When King awoke from his coma eight days later in Maryland, he said he saw his mother, his wife and a nurse.

“They explained to me that over the last eight days, the docs had almost lost me twice,” King said. “The first time they were losing me, they had to amputate one of the legs. And since that didn’t work, they had to take the other one. And during that time when she was explaining it to me, it was almost like I did not believe it happened.”

King said he experienced phantom pains which made him perceive feeling in his limbs even though they were no longer there. King said he had to grieve for the person he was before losing his legs.

“All my life, my identity was tied up into what I did,” he said. “I’m a United States Army Ranger. I’m a combat warrior. I thought that what I did was who I was. Life was giving me the unique opportunity to understand that that is totally false.”

King said we often think the things we do should balance the outcomes we experience in our lives, but good and bad happen in all our lives.

“It can no longer be about you,” King said. “It can no longer be about your pain, about your anguish. It has to be totally focused on your betterment.”

King said he finally found answers when he tried to interpret how his challenges were a blessing.

Four year ago, the Olympics were in London and King was in a hospital bed. That’s when he first witnessed fellow amputee, Oscar Pistorius, running amongst able-bodied men.

King said he knew he could exceed expectations like the man he’d seen on television, but his doctor was skeptical.

“For so long I sat there discouraged, not believing what my heart had already told me,” King said.

He said one of the best lessons that he’s learned over the past four years of recovery is to follow your heart, not your head.

King needed to relearn how to walk. After learning to walk with two railings for support, his therapist knew it was time to let go.

King said his therapist knew that to succeed, he had to make King uncomfortable.

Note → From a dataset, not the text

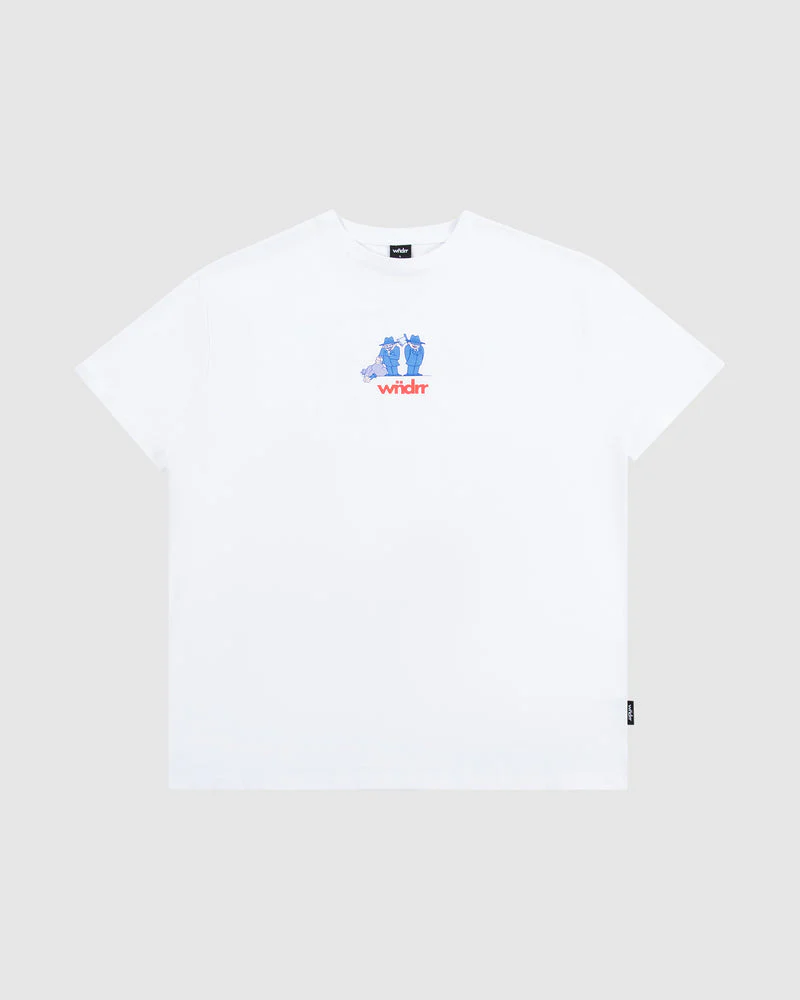 WNDRR WASTE MANAGEMENT BOX FIT TEE - WHITE - Image 3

He said he fell after trying to take a step, but his therapist thought he was doing great.

“He said, ‘Walking isn’t the lesson today. The lesson today is being OK with falling,’” King said. “And more than being OK with falling, it’s getting back up.”

King competed in the Boston Marathon 21 months after his injury. He has also completed a half Ironman Triathlon, the 2014 New York City Marathon and the 48.6 mile Disney Marathon series, according to King’s website.

King said to learn how to live an awesome life, you’ve got to be OK with falling.

“You’ve got to be OK with looking like a fool,” he said. “You’re going to have to believe in something inside of you that you can’t see; you’re going to have to believe in something you can’t bank on. And that’s where true life happens.

“This is the curriculum of life; the test that we all go through. Continue to keep moving forward in spite of the challenges. Continue to move forward with a smile and a song in your heart. Continue to move forward no matter what the challenges are, and soon, you will be out of the sharpener. Soon, you’ll be past the obstacle. And soon, you’ll be happy that you went through it.”